Socialdemócratas son los adecos, el APRA peruano, los partidos socialdemócratas alrededor del mundo, que incluyen a la robusta socialdemocracia alemana (el SPD) y al PSOE, o por lo menos a ese en el que militaba el exjefe del gobierno español Felipe González. Socialistas puros, seguidores del marxismo, no solo son escasos actualmente, sino además, grupúsculos que sin ánimo de ofender, en ocasiones, solo inspiran lástima.

Rusia no es la URSS, ni China es realmente un Estado comunista. Aun Cuba, que se dice socialista (más por un capricho de Fidel Castro, por razones de alianzas personales, que por una genuina convicción marxista del difunto mandamás cubano), sería hoy, un auténtico socialismo, ese que pregonaban Marx y Engels, Lenin y Trotsky. En cuanto a Rusia, basta decir que Putin se identifica más con el fascismo cristiano de Iván Ilyin que con Marx y Lenin. Los chinos solo conservan del régimen comunista la férrea dictadura (de partido único) impuesta por Mao Zedong, al igual que Vietnam. De Corea del Norte, por su hermetismo, poco se sabe de la realidad del comunismo juche, salvo el atraso y la miseria en la que viven millones de norcoreanos, y que como la tos, no se puede esconder.

En Venezuela tampoco impera un régimen socialista. Pese al discurso tedioso de Chávez y Maduro, de sus loas a Mao, a Ho Chi Minh o incluso, a Pol Pot (un genocida que mató a dos millones de camboyanos en los «campos de la muerte»), la revolución bolivariana se asemeja más, como ya dije, al populismo fascistoide de Juan Domingo Perón y de Juan Velazco Alvarado (este último, admirado por Chávez, como lo confiesa en las repetitivas entrevistas hechas por Agustín Blanco Muñoz, recogidas en su obra «Habla el comandante»).
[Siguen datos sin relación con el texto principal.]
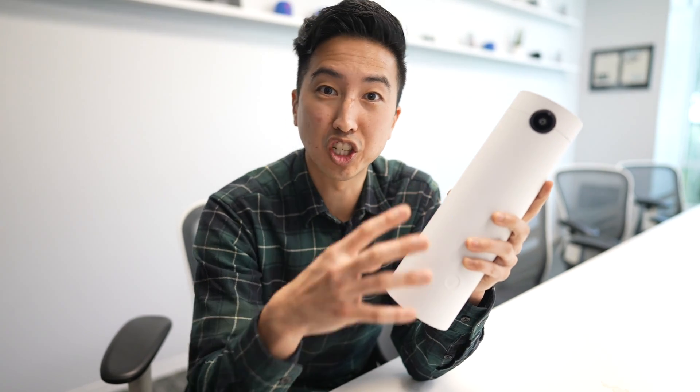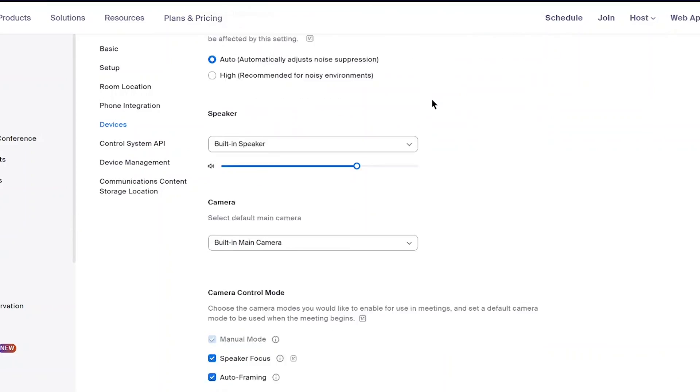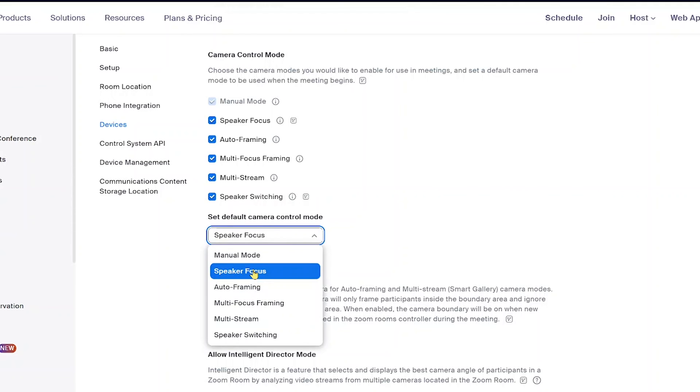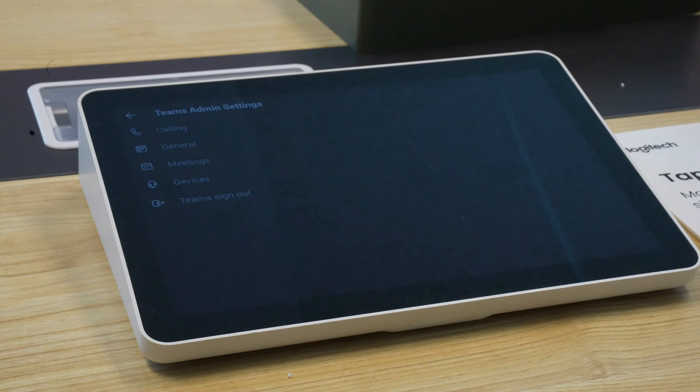For teams that are setting up these devices, we suggest that you make this the default setting so that your users just don't run into any confusion. In a Zoom Room, you're going to simply go into your Zoom portal, find your room, and set the default camera mode to speaker view.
No por azar, en el gobierno de Chávez (y ahora de Maduro) se percibe la honda influencia que sobre el caudillo barinés ejerció el neofascista argentino Norberto Ceresole, aunado, claro, a la tizana ideológica de un atrabiliario, indigestado con textos leídos a medias y panfletos rocambolescos, interpretados a la luz de sus apetencias políticas personales y no de lo que realmente referían sus autores.

Estos líderes, en su mayoría con una opulenta vocación autoritaria (y en algunos casos, totalitaria), se acercan más al nacionalismo, a ese nacionalismo primitivo y por ende, inviable, que, cuando mucho, sirve de excusa para cubrir sus trapisondas. Pero no son solo ellos, que ya son muchos en América Latina, Asia y África, sino que, infortunadamente, además se aprecia en naciones desarrolladas, como la Rusia de Putin y si bien no en la generalidad del liderazgo estadounidense, al menos sí se advierte en el presidente Trump y sus más cercanos colaboradores.

Temo pues, que mientras los necios discuten sobre un muerto, los chacales asechan a sus presas, para esquilarles las libertades en nombre de la grandeza de sus naciones. Temo que, como en los días del senador McCarthy, la cacería de brujas no lleve a resolver las grandes crisis y se limite a mutilar derechos.